Test #6, Am I committed to holiness and righteousness? If more of God’s favor means more power in ministry, I am not going to do things to provoke Him to withdraw His favor. And whenever we sin against God we forfeit a certain amount of grace. So if I feel desperately dependent on God’s favor in my ministry I am going to be that much more motivated to strive to do that which pleases Him.

7) Joy

And finally – if your ministry is based on trusting God, the way you go about doing that work is going to be characterized by joy. Why? Because you will trust Him to bring about marvelous results. If I prepare a sermon with an attitude of dependence on Him, knowing that only what comes from Him will bear fruit, then once that sermon is prepared and delivered, I can trust Him to make it fruitful. Maybe to my ears the sermon sounds boring, or unhelpful. Maybe five people come up afterwards and ask me if I am feeling OK, because it really was not my best effort. Maybe I can’t see a lot of fruit coming from it. But if I am sure it was the Word of God that I delivered, and I was depending on God throughout the process, I can trust Him to bring fruit from it regardless of how things seem, and that brings me joy! The same goes for children’s ministry or greeting at the door or helping with the website or scrubbing the floors. If it is done by faith then you can trust God to bring eternal fruit from your work, because He always blesses work done by faith – always. And that motivates us to pour ourselves into the work.

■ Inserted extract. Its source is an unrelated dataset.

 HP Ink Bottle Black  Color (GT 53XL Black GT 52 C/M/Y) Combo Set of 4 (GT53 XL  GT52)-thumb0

1 Corinthians 15:58 Always give yourselves fully to the work of the Lord, because you know that your labor in the Lord is not in vain.

We trust Him to do something great with our little loaves and fishes we offer Him.

And you will also trust Him to reward you for your work. Even though He had to supply all the strength, still, God rewards you. And over and over and over again that promise of reward is offered to us in Scripture as our motivation for ministry.

1 Corinthians 3:8 each one will be rewarded according to his own labor.

If God offers a reward and that really motivates me to work hard in ministry – that shows I trust Him and it brings Him honor and glory because it shows Him to be a generous rewarder. But if God offers me a reward and it does not really motivate me much, that shows I do not really trust Him to give much of a reward, and that dishonors Him and paints Him as someone whose rewards are not really worth much. That is why being motivated by the promises of reward is such a crucial part of the Christian life.

Conclusion

Be a good steward of the grace entrusted to you. Serve in ministry, using your gift, and when you get to the speaking aspects of ministry, use the Words of God. And when you get to the serving parts, do it in faith, trusting God so that everyone can see by the way you serve that God is the source of the strength. Do that and He will receive glory and honor through Jesus Christ, to whom be the glory forever and ever, amen.

Benediction: 2 Thessalonians 1:11 With this in mind, we constantly pray for you, that our God may count you worthy of his calling, and that by his power he may fulfill every good purpose of yours and every act prompted by your faith. 12 We pray this so that the name of our Lord Jesus may be glorified in you, and you in him, according to the grace of our God and the Lord Jesus Christ.

1:25 Questions

1. What could you do to make your speech more flavored with God’s Words?

2. What changes could you make in the way you do ministry that would show God to be the source of your strength?

3. If you serve in a way that glorifies God your ministry will be characterized by prayer, gratitude (not grumbling or requiring thanks), use of the means of grace, seeking God’s guidance, unstoppable tenacity, and holiness. Which are the strongest and weakest in your life?